‘Croc: Legend of the Gobbos’ is a platforming game that was released for the Playstation 1, Sega Saturn and Microsoft Windows in 1997 and was developed by Argonaut Software and published by Fox Interactive. In the game you play as Croc, an anthropomorphic crocodile, who is raised by fluffy orange creatures called Gobbos. After the main villain, Baron Dante, kidnaps the Gobbos, Croc is sent on an adventure to rescue them. The game’s map layout works in the same way as ‘Crash Bandicoot 1’ where you travel across three main islands (and a secret 4th island) playing through each level, all the while collecting the Gobbos.
This was a game that I got for Christmas one year and, like ‘Crash Bandicoot 1’, a game that I played quite a lot throughout my childhood till now. Not as much as the Crash games but close enough and I loved this game. However, replaying it as an adult is very different to playing it as a child as I can now see all of its imperfections…
But, let’s start with the positives first: the visuals are colourful and vibrant, and each level layout is unique and beautiful. The levels are very simple too regardless of the length. This means that the game is not only good for beginners, but it’s also a good time-waster and one that doesn’t require too much concentration. However, my favourite aspect of the game is the soundtrack. Each melody sounds different and uses a variety of instruments, whilst being able to blend in perfectly with each level environment.
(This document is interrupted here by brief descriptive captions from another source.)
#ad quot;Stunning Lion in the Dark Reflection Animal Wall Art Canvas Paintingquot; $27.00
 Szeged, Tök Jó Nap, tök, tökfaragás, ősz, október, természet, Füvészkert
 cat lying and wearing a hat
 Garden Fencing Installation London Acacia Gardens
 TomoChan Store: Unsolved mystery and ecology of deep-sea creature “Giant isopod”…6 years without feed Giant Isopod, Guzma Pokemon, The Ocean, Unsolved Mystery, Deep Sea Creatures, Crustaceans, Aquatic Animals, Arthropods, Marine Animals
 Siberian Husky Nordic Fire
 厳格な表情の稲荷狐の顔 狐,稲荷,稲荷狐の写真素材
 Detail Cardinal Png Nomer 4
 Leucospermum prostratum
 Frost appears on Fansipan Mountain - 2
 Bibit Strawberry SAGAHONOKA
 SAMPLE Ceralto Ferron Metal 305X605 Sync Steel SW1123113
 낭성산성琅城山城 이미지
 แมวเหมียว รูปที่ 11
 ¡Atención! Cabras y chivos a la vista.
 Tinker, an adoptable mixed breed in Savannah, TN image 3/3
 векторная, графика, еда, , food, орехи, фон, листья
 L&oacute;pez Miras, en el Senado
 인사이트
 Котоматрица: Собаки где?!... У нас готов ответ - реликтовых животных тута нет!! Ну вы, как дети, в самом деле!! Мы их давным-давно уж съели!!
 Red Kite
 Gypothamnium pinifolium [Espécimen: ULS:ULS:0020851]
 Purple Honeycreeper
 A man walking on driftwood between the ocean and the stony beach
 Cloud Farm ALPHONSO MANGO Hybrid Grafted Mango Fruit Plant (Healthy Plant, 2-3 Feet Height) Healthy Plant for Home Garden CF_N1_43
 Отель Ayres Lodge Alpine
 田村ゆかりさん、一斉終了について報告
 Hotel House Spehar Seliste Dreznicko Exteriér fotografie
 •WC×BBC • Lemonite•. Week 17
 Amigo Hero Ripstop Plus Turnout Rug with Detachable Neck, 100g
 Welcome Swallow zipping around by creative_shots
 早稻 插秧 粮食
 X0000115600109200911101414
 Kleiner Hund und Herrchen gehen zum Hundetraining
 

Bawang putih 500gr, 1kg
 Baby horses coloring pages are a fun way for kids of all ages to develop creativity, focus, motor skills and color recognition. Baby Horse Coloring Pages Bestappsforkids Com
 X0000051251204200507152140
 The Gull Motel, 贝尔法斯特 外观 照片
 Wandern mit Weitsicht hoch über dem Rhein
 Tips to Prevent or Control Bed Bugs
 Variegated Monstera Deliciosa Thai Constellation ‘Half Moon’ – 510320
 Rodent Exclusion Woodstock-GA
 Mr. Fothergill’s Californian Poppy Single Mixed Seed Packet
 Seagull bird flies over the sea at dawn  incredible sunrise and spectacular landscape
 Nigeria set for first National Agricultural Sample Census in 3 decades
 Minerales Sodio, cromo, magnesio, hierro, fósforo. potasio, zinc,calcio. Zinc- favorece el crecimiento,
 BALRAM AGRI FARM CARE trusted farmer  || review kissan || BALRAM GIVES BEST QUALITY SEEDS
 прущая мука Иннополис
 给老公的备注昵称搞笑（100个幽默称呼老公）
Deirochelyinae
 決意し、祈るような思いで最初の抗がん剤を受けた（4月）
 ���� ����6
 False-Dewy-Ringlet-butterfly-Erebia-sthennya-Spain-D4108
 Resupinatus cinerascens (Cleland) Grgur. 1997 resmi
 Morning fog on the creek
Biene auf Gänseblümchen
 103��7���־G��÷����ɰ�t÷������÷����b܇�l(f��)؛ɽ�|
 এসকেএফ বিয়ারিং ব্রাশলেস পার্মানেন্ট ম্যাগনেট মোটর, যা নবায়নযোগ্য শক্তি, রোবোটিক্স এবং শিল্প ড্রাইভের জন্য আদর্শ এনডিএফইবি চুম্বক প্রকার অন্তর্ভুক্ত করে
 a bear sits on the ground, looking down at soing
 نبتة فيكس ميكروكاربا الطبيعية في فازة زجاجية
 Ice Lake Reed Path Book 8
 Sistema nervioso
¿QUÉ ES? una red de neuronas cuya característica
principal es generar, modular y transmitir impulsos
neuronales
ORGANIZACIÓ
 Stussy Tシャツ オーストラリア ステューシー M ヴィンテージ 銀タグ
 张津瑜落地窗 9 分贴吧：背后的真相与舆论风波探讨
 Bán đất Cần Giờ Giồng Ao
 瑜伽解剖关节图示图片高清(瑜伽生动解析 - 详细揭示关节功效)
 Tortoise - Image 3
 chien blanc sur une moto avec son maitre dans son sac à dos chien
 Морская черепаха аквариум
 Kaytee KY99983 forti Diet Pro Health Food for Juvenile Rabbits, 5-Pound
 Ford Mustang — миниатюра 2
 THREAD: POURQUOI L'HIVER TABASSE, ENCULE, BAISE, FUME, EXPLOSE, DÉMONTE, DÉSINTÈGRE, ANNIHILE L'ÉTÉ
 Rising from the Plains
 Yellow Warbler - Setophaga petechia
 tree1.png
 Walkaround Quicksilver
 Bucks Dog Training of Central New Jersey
Plus each track is catchy and memorable.
As an example, here’s the main menu music:
Unfortunately, the camera and controls aren’t always responsive, which can make the simplest task very frustrating. As well as this, the collecting of the Gobbos isn’t compulsory. In every level, there are six of the creatures to collect, but the player can progress to each stage without hitting this target. This overall does give the game less meaning (because they’re portrayed as a crucial part of progressing), and the fourth island at the very end is completely pointless, because you’re not collecting anything within them.
Overall, this game has a great soundtrack, beautiful visuals and a cute main character. However, when you think about it, ‘Croc: Legend of the Gobbos’ doesn’t have much point to it, as the collecting of his friends isn’t required to progress through the game. Plus, the camera and controls aren’t always responsive, which can make for a frustrating, and sometimes, tedious playthrough. Despite this, I still find myself playing this over and over and it’s probably due to nostalgia, or due to the fact that it’s a good game to pass the time with.